What I was trying to get at is that it's not clear how the proposal's integer conformances would extend to cover a sequence of ASCII bytes. The examples I've seen aren't particularly convincing, to put it mildly.

let a: [UInt8] = ['1', '9', '9', '2', '-', '0', '8', '-', '0', '3']  // Yuck
let b = "1992-08-03".utf8   // Same thing, except it works in Swift 5 and requires no allocation

If you prefer, it would be certainly possible to add an ASCIIView that restricts itself to ASCII characters.

xwu · March 9, 2019, 3:57am

lorentey:

It should be noted that Character.asciiValue does have one interesting quirk: it normalizes the CR+LF sequence (which is a single character!) to a single LF:
'\r\n'.asciiValue! // ⟹ 10 (?!)
This is arguably not right; migrating to another property could provide the opportunity to fix this. There is a fundamental underlying issue in that the Character → ASCII encoding mapping is not one-to-one.

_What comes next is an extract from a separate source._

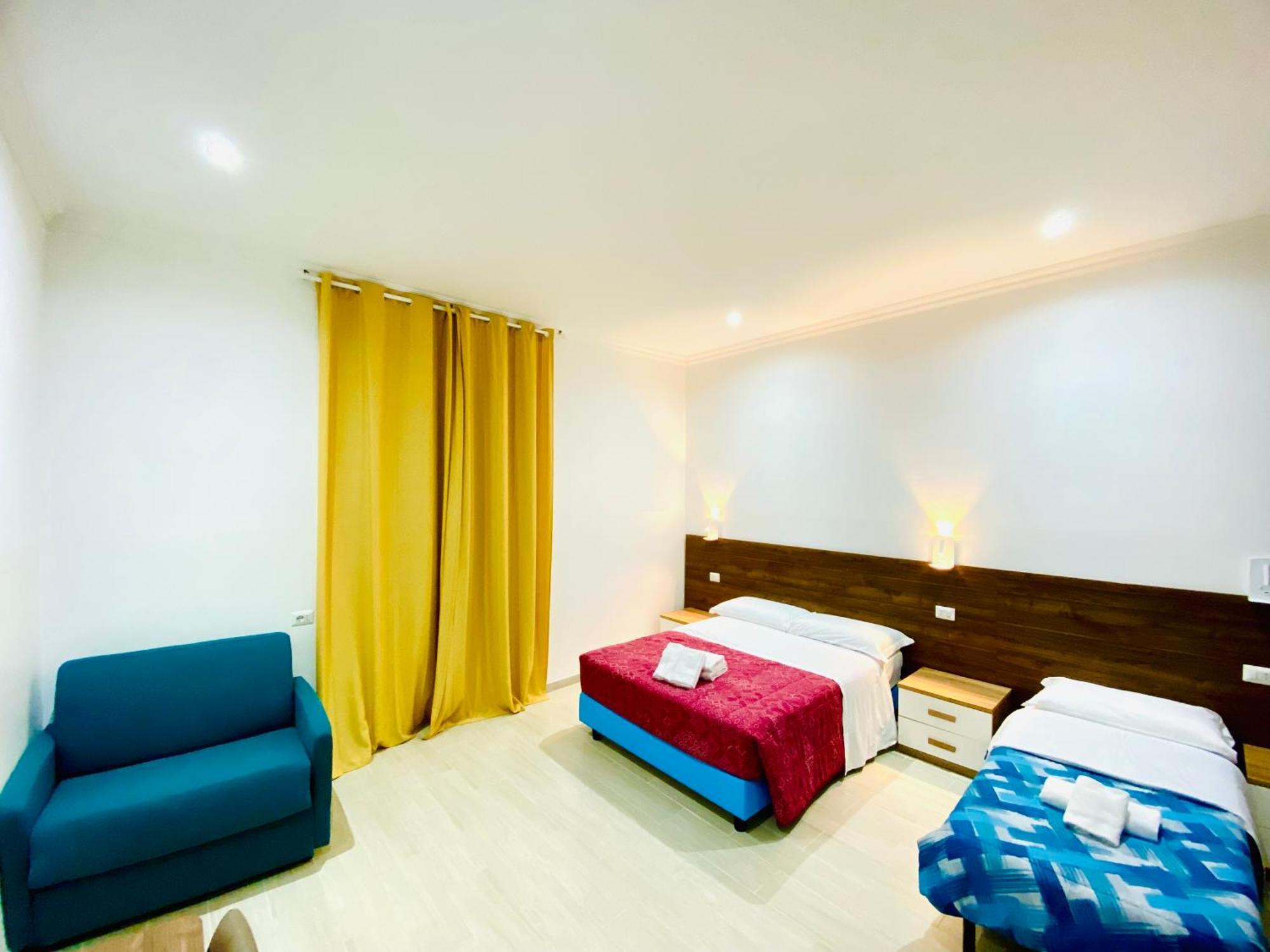 Milazzo Suites Rom Eksteriør billede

It would perhaps be better to work on the level of Unicode scalars instead, and have single-quoted literals default to Unicode.Scalar instead of Character :

This is, in my view, a huge insight. Not only is compiler validation that something is a single Unicode scalar much more trivial, but Unicode scalars already have many APIs for conversion to their integer values.

let x = 'é'

// The following APIs already exist:
x.value   // 233
x.isAscii // false

This existing design also addresses the objection above that someone using asciiValue with a non-ASCII character might be thrown because they expect a value instead of nil. Meanwhile, users would still have a compile-time guarantee that the stuff within the single quotes isn't a decomposed form:

// Current syntax
let decomposed = "\u{0065}\u{0301}" // é
let y = Unicode.Scalar(decomposed)  // nil

// Possible future syntax
let z = '\u{0065}\u{0301}' // compile-time error

IMO it'd even be fine, if we call that notation exclusively a "Unicode scalar literal," to ditch its use for Character entirely; indeed, it might be best given how each version of Unicode subtly refines what's considered a single extended grapheme cluster.

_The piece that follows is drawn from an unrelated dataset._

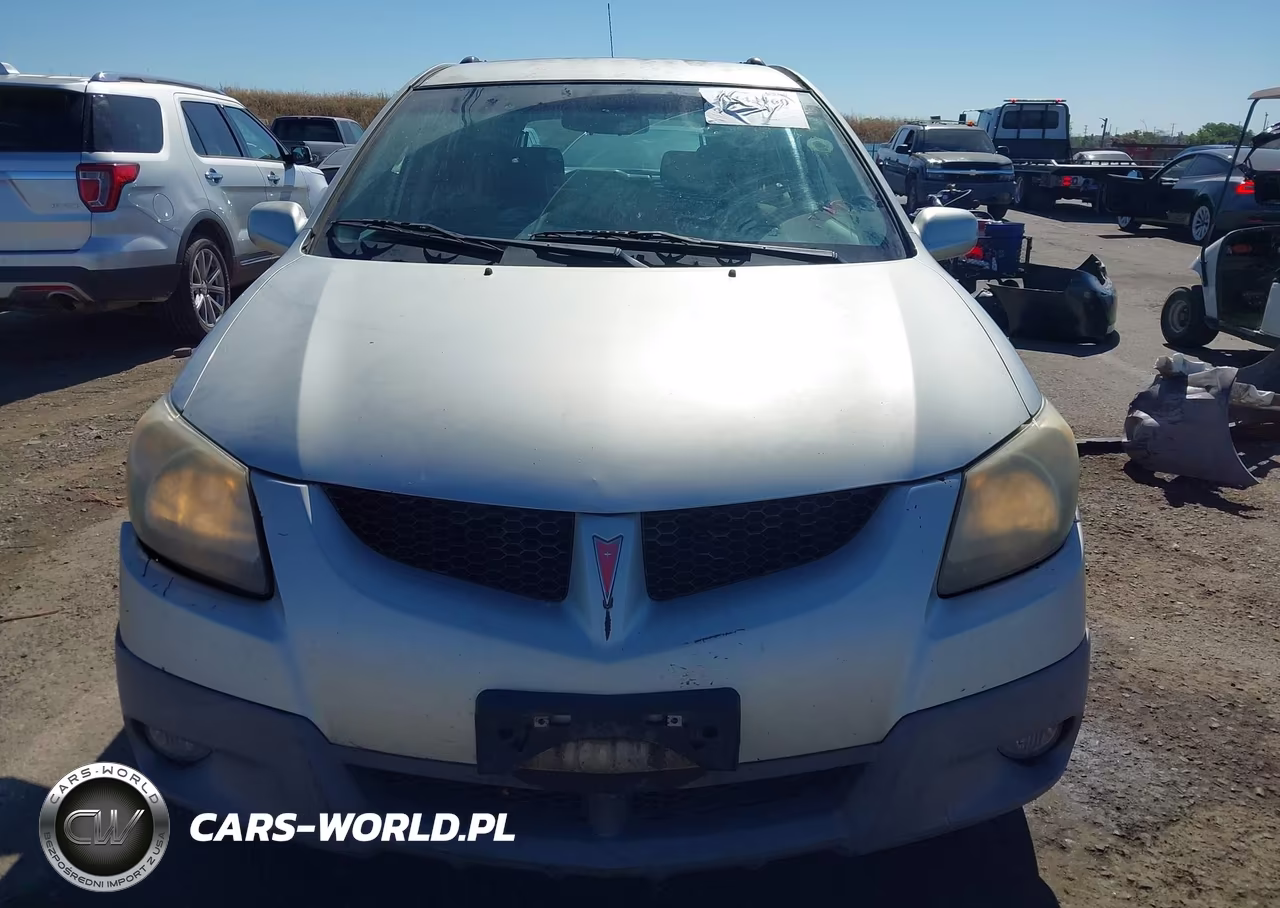 2003 Pontiac Vibe VIN:5Y2SL62873Z438052 - 13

Down the line, if after the addition of these facilities it is found that additional specific support for ASCII is still necessary, we may consider an ASCII type:

// Typed freehand, for illustrative purposes only, not working code
struct ASCII {
  internal var _value: Builtin.Int7
  public var value: UInt8 {
    return UInt8(Builtin.extOrBitCast_Int7_Int8(_value))
  }
  public init(_ value: UInt8) {
    _precondition(value < 128)
    _value = Builtin.truncOrBitCast_Int8_Int7(value._value)
  }
}

extension ASCII: ExpressibleByUnicodeScalarLiteral { /* ... */ }
extension Array: ExpressibleByStringLiteral where Element == ASCII {
  /* ... */
  public var value: [UInt8] { /* ... */ }
}

// Usage
let x = 'a' as ASCII
let pngTag = "abcd" as [ASCII]
pngTag.value // [97, 98, 99, 100]

Regarding the actual quirk at hand for asciiValue, it is weird, but the strictly correct version where ("\r\n" as Character).asciiValue evaluates to nil is also...not good.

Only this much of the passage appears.